I had to decide in that moment whether I was going to settle for being the worst version of myself for God and for my family or if I was going to take this moment as a clear indication from God that I needed help.
As a Christian, I could almost too easily agree that I was “powerless” because I believed in the all powerful God. But I did not live as if He was the one with all of the power. Constantly trying to control everything and especially my emotions (when it came to my addiction to food) was clear evidence that I did not practice what—as a follower of Jesus—I preached. I realized in Step One that I trusted God with almost nothing. And my wife needed a lover and parenting partner, not another child to take care of.
Step One is something like a reflection of how every Christian journey begins. Like the “rich young ruler,” we approach Jesus and we ask him what we need to do to inherit eternal life (or get free from the addiction). He tells us to go and sell everything we own and to come and follow him in our new-found poverty. In like fashion we find ourselves in that first 12-step meeting. In these moments our “riches” are our habits and behavior patterns—all of the ways we have learned to keep ourselves in our addiction—and we are presented with the opportunity to take that first step and say, “I can’t do this anymore; this whole thing has gotten way outside of my control and way beyond my own understanding.”
In his book, The Twelve Steps and the Sacraments, Scott Weeman (the founder of Catholic in Recovery) writes, “The first step is a crucial starting point where the insufficiency of our human resources is brought to light. This step is a tangible way to carve space in our lives to surrender to the mercy made available by God’s grace.”

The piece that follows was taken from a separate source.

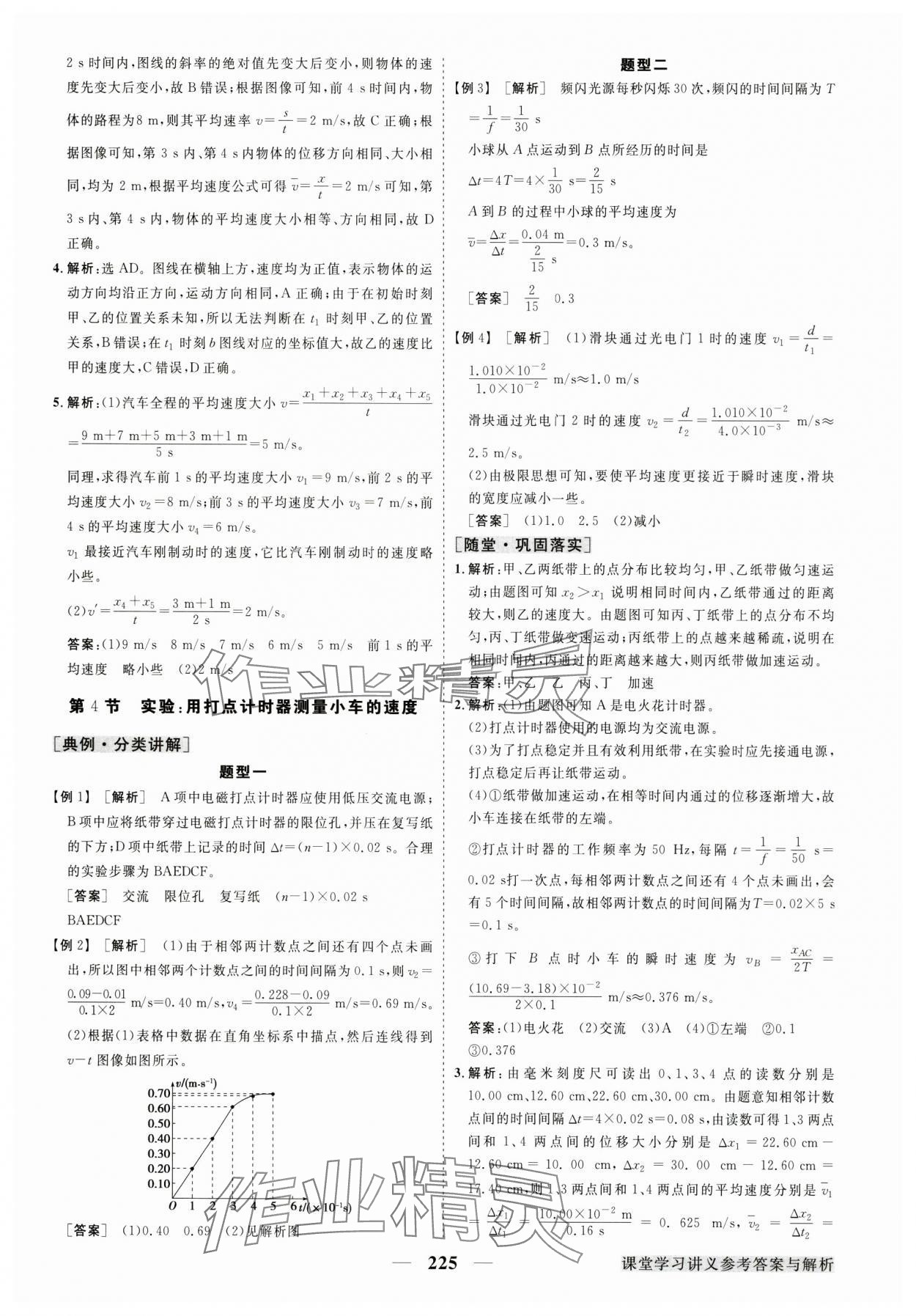2024年高中同步創(chuàng)新課堂優(yōu)化方案高中物理必修第一冊(cè)教科版 參考答案第4頁(yè)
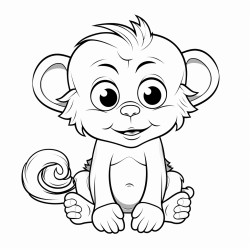 a cute monkey for children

This “Step One moment” is when we look up from our place of despair and see the extended hand of Jesus. We have “completed” Step One, for the first time, when we take His hand and let him lift us up from the quagmire. Step One is something that we learn to live out at every moment of every day for the rest of our lives.
St. Aloysius Gonzaga once said, “It is better to be a child of God than king of the whole world.” It is indeed better to be a child of God, powerless and firmly in the lap of our loving Father, than trying desperately to manage and control, in our self-appointed kingship, every aspect of our lives in the heat of our addiction.